Des indicateurs de maturité

L’effet le plus marquant de cette transition est sans doute l’allongement de la durée moyenne des prêts. Pour les bons du Trésor, qui restent de loin les titres les plus utilisés (90,5% du volume total prêté), la durée moyenne atteint 29 semaines en 2024, contre seulement 5,3 semaines en 2023. Un basculement net vers des positions plus longues, qui traduisent une gestion plus stratégique des portefeuilles et des garanties.

La répartition des prêteurs confirme également la stabilité des grands équilibres : les OPCVM conservent leur statut de principaux fournisseurs de titres (84,4%), tandis que les banques représentent désormais 15% des opérations de prêt. Du côté des emprunteurs, les banques restent en tête avec 42,1%, suivies par les sociétés non financières (24,7%) et les sociétés de gestion (15,9%).

Les OPCVM, eux, représentent 3,2% des emprunteurs, en recul par rapport à 2023. «La réforme d’août 2021 a clairement apporté une sécurité supplémentaire. L’obligation de collatéral a donné lieu à une sélection plus rigoureuse des transactions, et n'a surtout pas freiné la dynamique du marché, puisque l’encours était de 189 Mds de DH en 2021 contre 327 Mds de DH en 2024», commente notre source.

Une dynamique à surveiller

Ce retour à l’équilibre ne doit pas masquer certaines fragilités persistantes. Les transactions sans collatéral, bien qu’encadrées, n’ont pas disparu. Même si les chiffres 2024 ne sont pas encore détaillés à ce sujet, la tendance observée en 2023 avec une remontée à 14,9% de transactions non garanties invite à la prudence. Ces opérations, bien que permises dans certains cas, peuvent masquer des risques systémiques si elles se multiplient.

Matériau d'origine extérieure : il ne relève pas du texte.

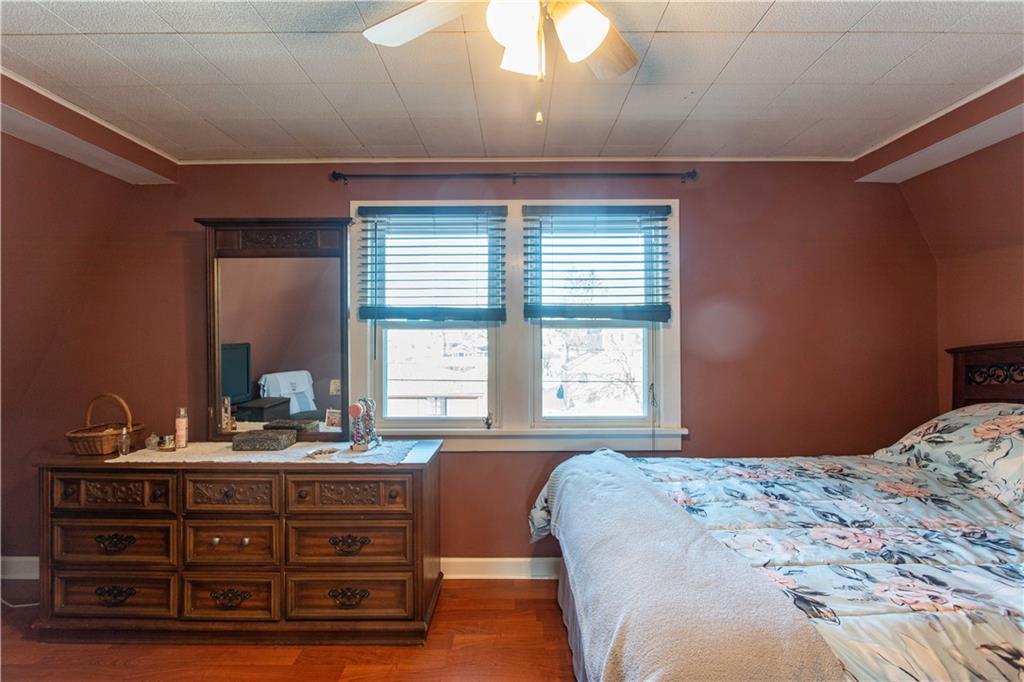 1146 Chestnut Street Monaca, PA 15061 - Photo 23 of 37 a bedroom with a bed and a large mirror on the dresser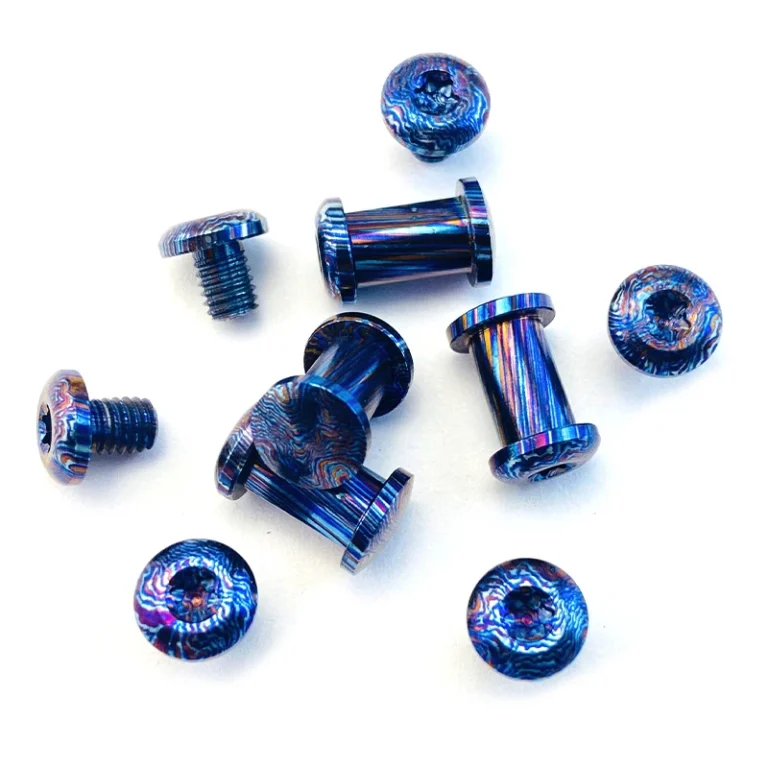 Patterned cylindrical pivot-like barrels and separate threaded screws with textured round heads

«J’estime aussi que les exceptions prévues pour les transactions intragroupes ou avec les teneurs de marché laissent une certaine flexibilité, pour maintenir la fluidité des opérations entre entités d'un même groupe, d’où la hausse également des opérations chez certaines banques», précise-t-il. Le régulateur, de son côté, reste actif : un projet de circulaire, mis en consultation en février 2024, précise les modalités d’agrément des plateformes, les règles de fonctionnement et les obligations de reporting.

Cette démarche confirme la volonté de renforcer les fondations d’un marché qui, désormais, se veut aussi robuste que transparent. «Je vous rappelle également qu’en février de l’année dernière, le régulateur a mis en consultation publique un projet de circulaire visant à opérationnaliser les amendements apportées à loi 45-12. Ce projet clarifie les règles de fonctionnement, les exigences d'agrément pour les plateformes, et aussi les modalités de reporting, ce qui va sans doute aider à professionnaliser davantage ce marché», explique le professionnel de la gestion d’actifs.

Quoi qu’il en soit, l'activité des prêts de titres ne fait plus figure de mécanisme opaque ou marginal. En l’espace de trois ans, il s’est imposé comme un levier de gestion structuré, suivi et assumé par ses acteurs. La discipline imposée par le collatéral semble avoir redéfini les règles du jeu, sans casser la dynamique. Toutefois, dans un marché où l’ingéniosité financière n’a jamais manqué, ce sont souvent les marges de tolérance qui finissent par écrire les prochains épisodes. À suivre, donc.